Dataset records
━━━━━━━━━━━━━━━━━━━━━━━━━━━━━━
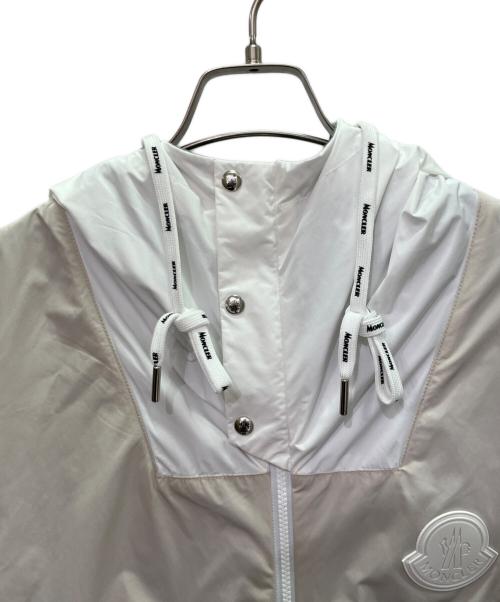 MONCLER（モンクレール）MONCLER (モンクレール) CHABAT GIUBBOTTO ロゴリバーシブルブルゾン ベージュ×グレー サイズ:2の古着・服飾アイテム
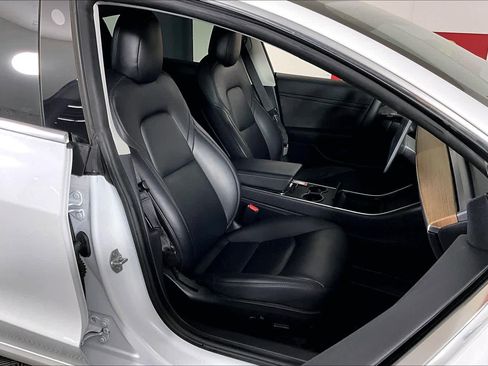 Used 2020 Tesla Model 3 Standard Range Plus image 8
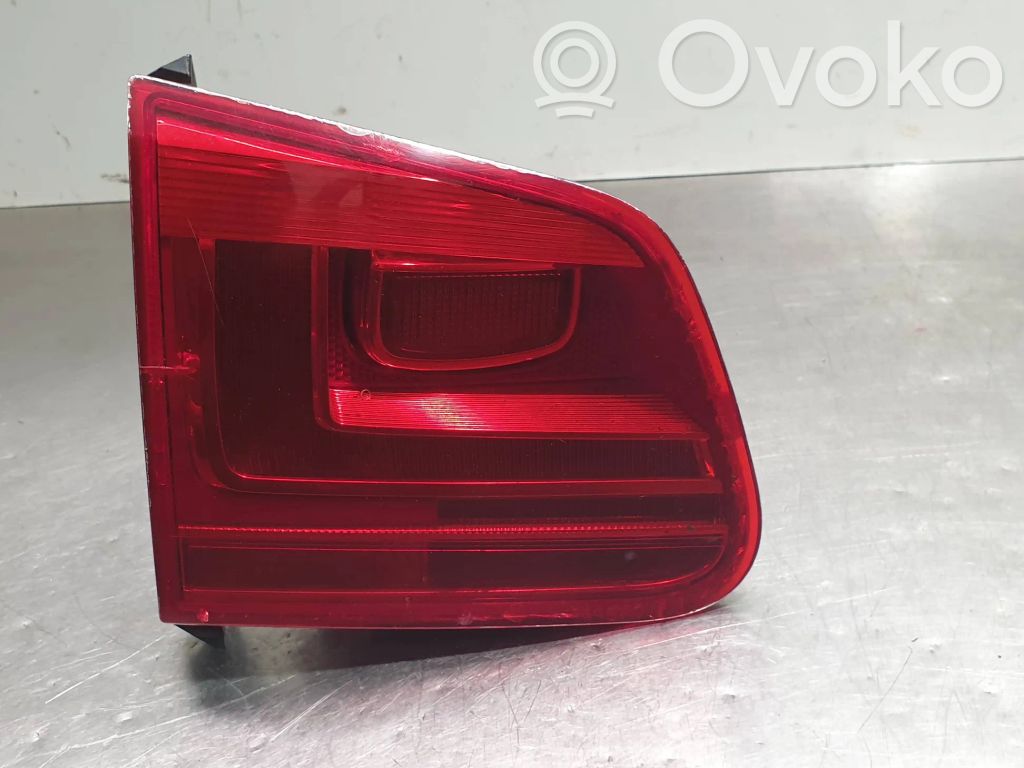 Volkswagen Tiguan Lampy tylnej klapy bagażnika 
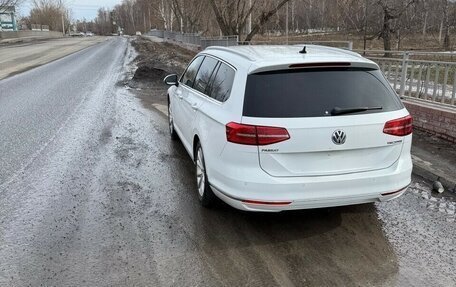 Volkswagen Passat B8 рестайлинг, 2016 год, 1 780 000 рублей, 2 фотография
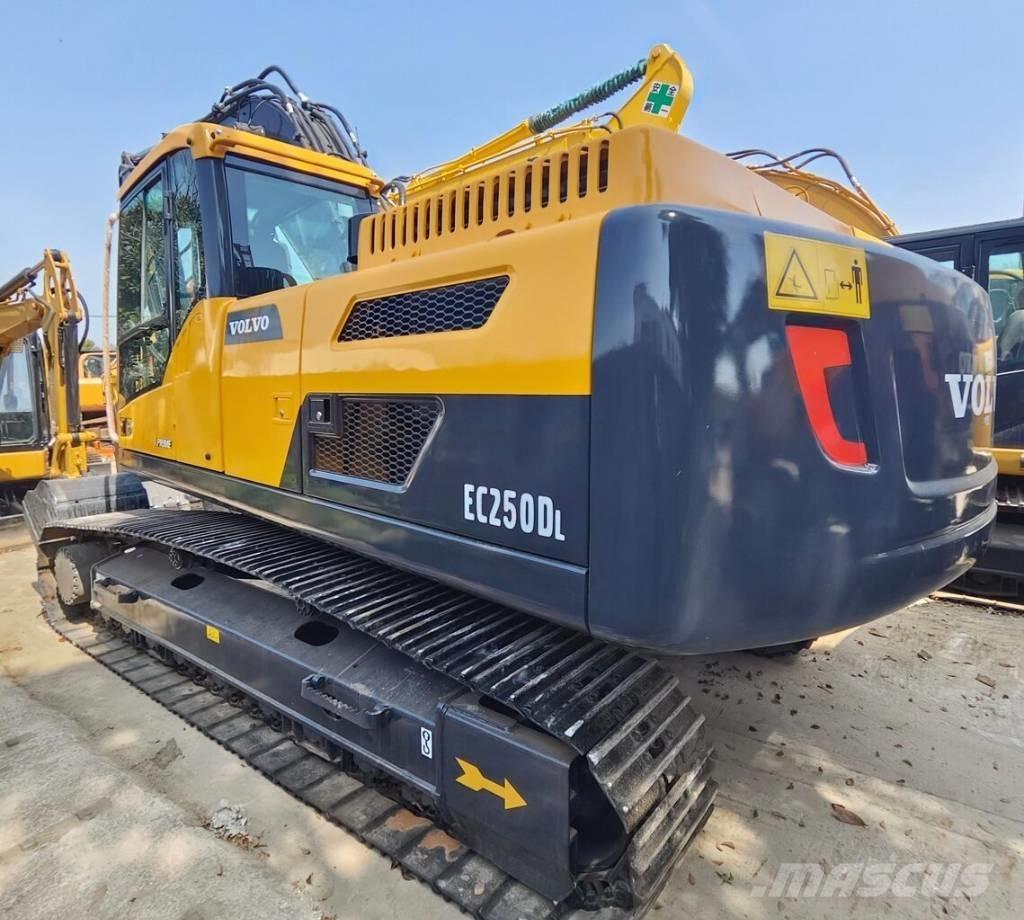 Volvo EC 250 D Kāpurķēžu ekskavatori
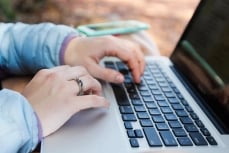 IELTS vs TOEFL: From pattern to fees, know everything about two of most prominent language tests for students wanting to study abroad - Vimarsana News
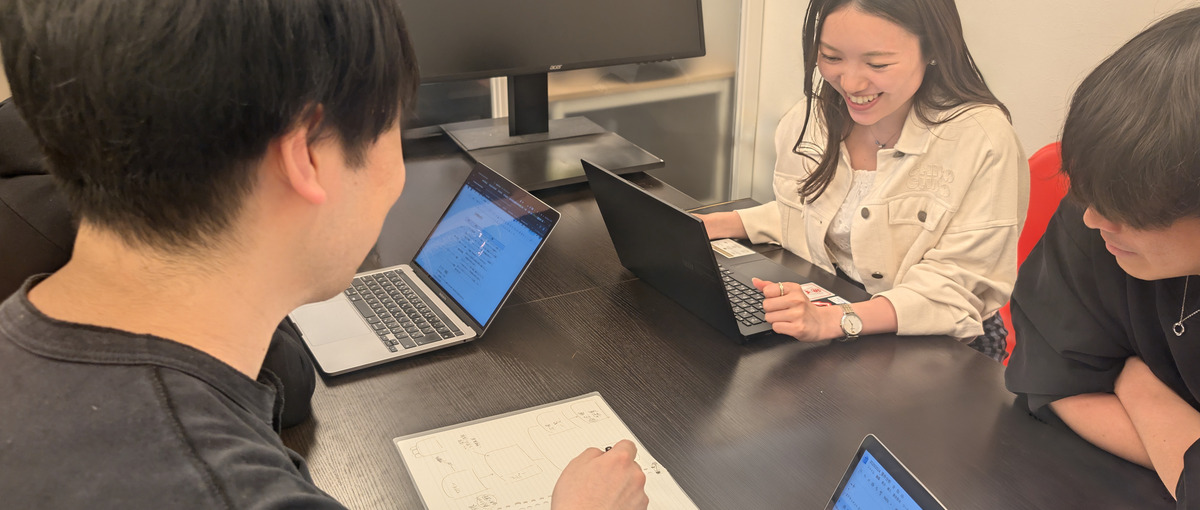 ゼロからの挑戦大歓迎！自慢の研修環境でWebデザイナーを目指しませんか？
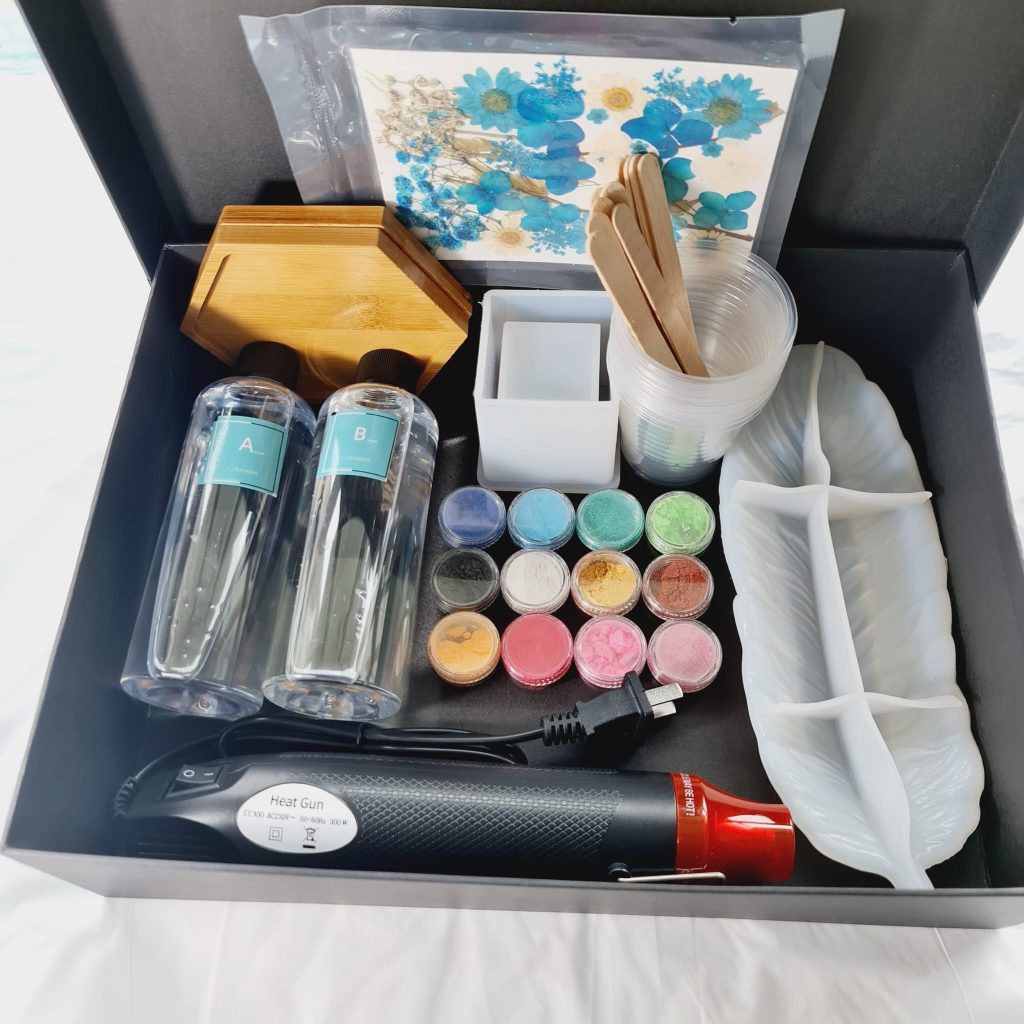 (DIY Kit + Recorded Session) Resin Art – Hommeet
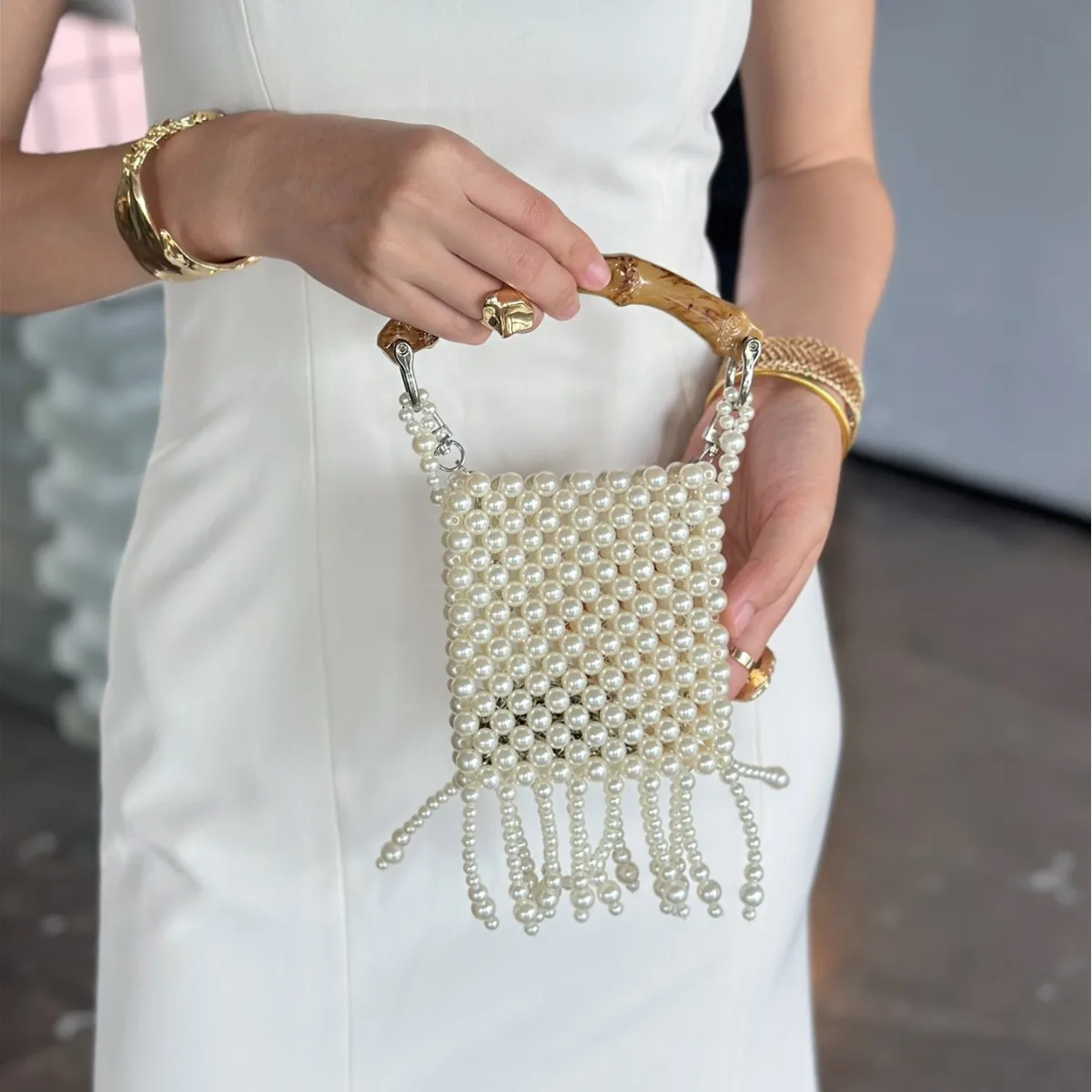 

Новая роскошная вечерняя сумка-клатч с бамбуковой ручкой, жемчугом и бисером, мини-сумочка через плечо с кисточками для женщин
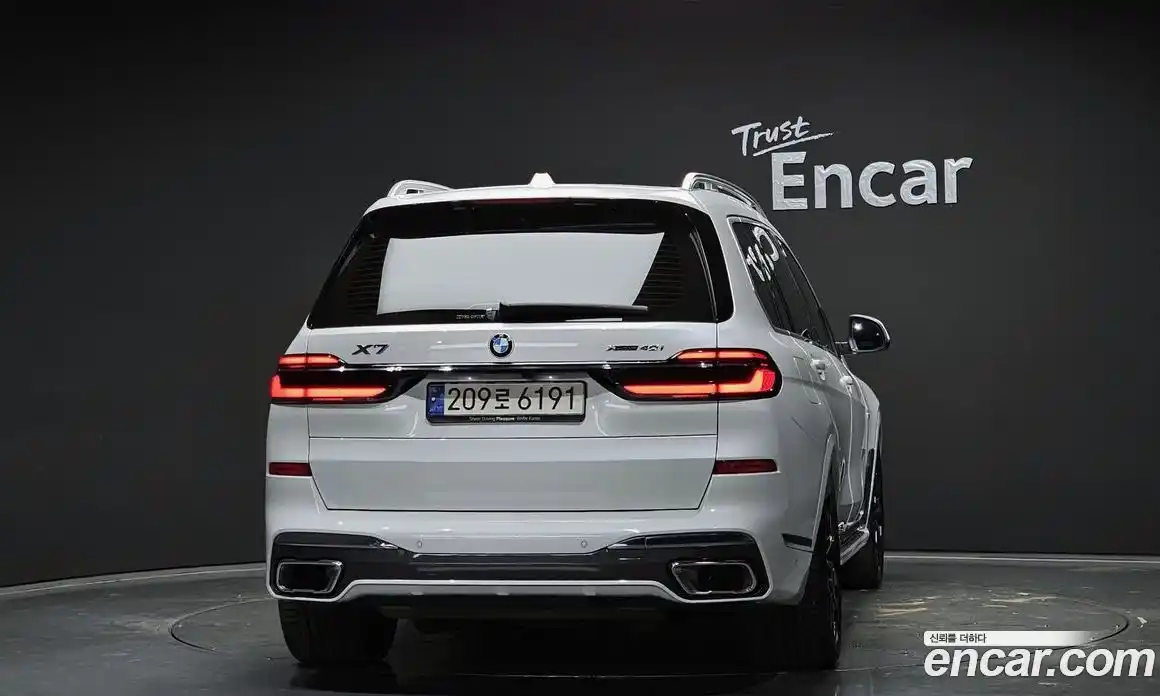 BMW X7 2023 3.0 автомат (гидро), фото 4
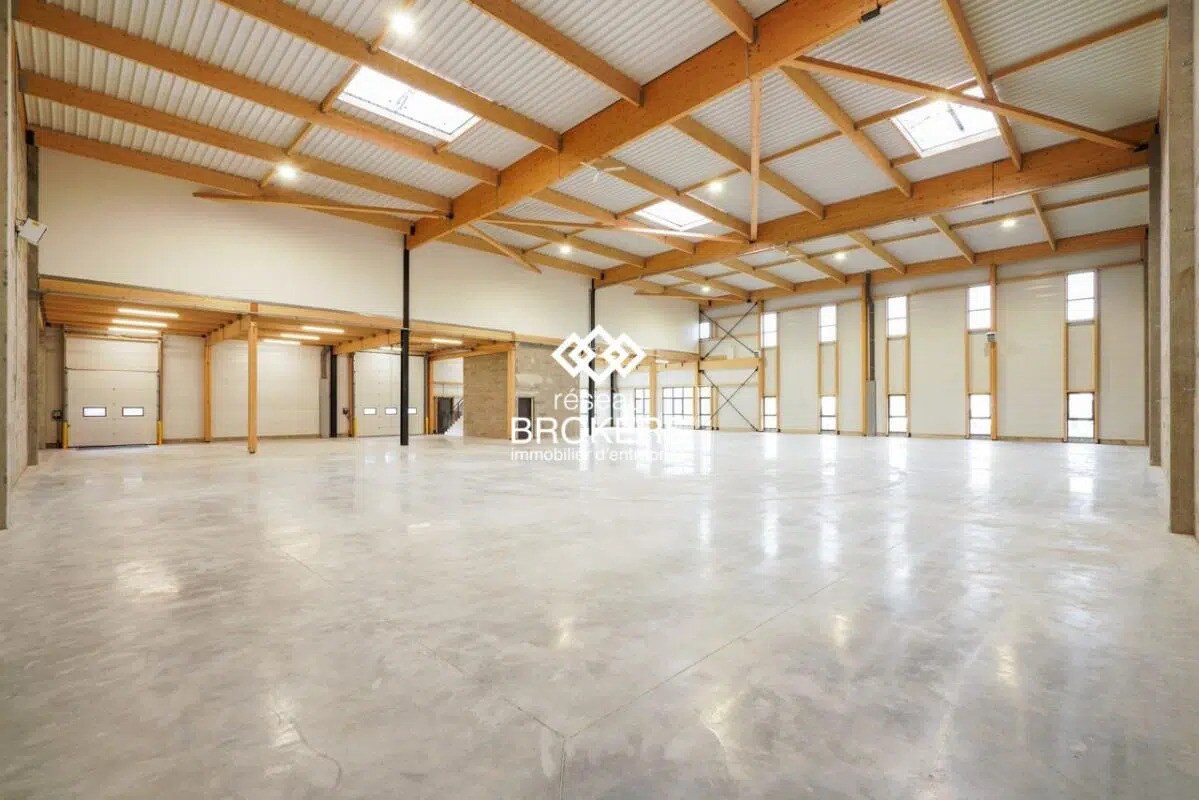 Industrial in Avignon for lease Interior Photo- Image 1 of 6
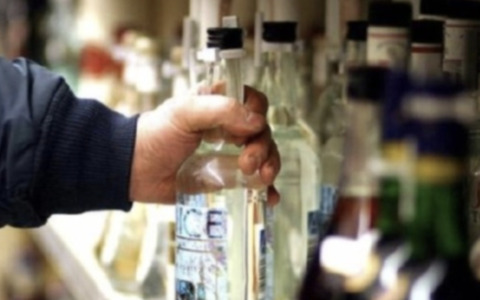 Castiglione delle Stiviere: 34enne ruba alcolici dal valore di cento euro al supermercato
━━━━━━━━━━━━━━━━━━━━━━━━━━━━━━
#### Work order
Your copy should repeat each entry above exactly but contain no pictures.

#### Task solution
 MONCLER（モンクレール）MONCLER (モンクレール) CHABAT GIUBBOTTO ロゴリバーシブルブルゾン ベージュ×グレー サイズ:2の古着・服飾アイテム
 Used 2020 Tesla Model 3 Standard Range Plus image 8
 Volkswagen Tiguan Lampy tylnej klapy bagażnika 
 Volkswagen Passat B8 рестайлинг, 2016 год, 1 780 000 рублей, 2 фотография
 Volvo EC 250 D Kāpurķēžu ekskavatori
 IELTS vs TOEFL: From pattern to fees, know everything about two of most prominent language tests for students wanting to study abroad - Vimarsana News
 ゼロからの挑戦大歓迎！自慢の研修環境でWebデザイナーを目指しませんか？
 (DIY Kit + Recorded Session) Resin Art – Hommeet

Новая роскошная вечерняя сумка-клатч с бамбуковой ручкой, жемчугом и бисером, мини-сумочка через плечо с кисточками для женщин
 BMW X7 2023 3.0 автомат (гидро), фото 4
 Industrial in Avignon for lease Interior Photo- Image 1 of 6
 Castiglione delle Stiviere: 34enne ruba alcolici dal valore di cento euro al supermercato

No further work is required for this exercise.